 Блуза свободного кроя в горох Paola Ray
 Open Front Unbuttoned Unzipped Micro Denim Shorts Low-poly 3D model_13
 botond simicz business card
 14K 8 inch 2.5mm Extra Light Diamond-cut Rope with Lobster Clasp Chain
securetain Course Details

----

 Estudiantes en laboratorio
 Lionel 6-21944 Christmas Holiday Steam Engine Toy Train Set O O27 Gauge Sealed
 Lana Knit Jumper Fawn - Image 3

----

Each line above from the one with "Блуза свободного кроя в горох Paola Ray" up to and including the one with "securetain Course Details" must be set down exactly, and no line outside that span may appear.

 Блуза свободного кроя в горох Paola Ray
 Open Front Unbuttoned Unzipped Micro Denim Shorts Low-poly 3D model_13
 botond simicz business card
 14K 8 inch 2.5mm Extra Light Diamond-cut Rope with Lobster Clasp Chain
securetain Course Details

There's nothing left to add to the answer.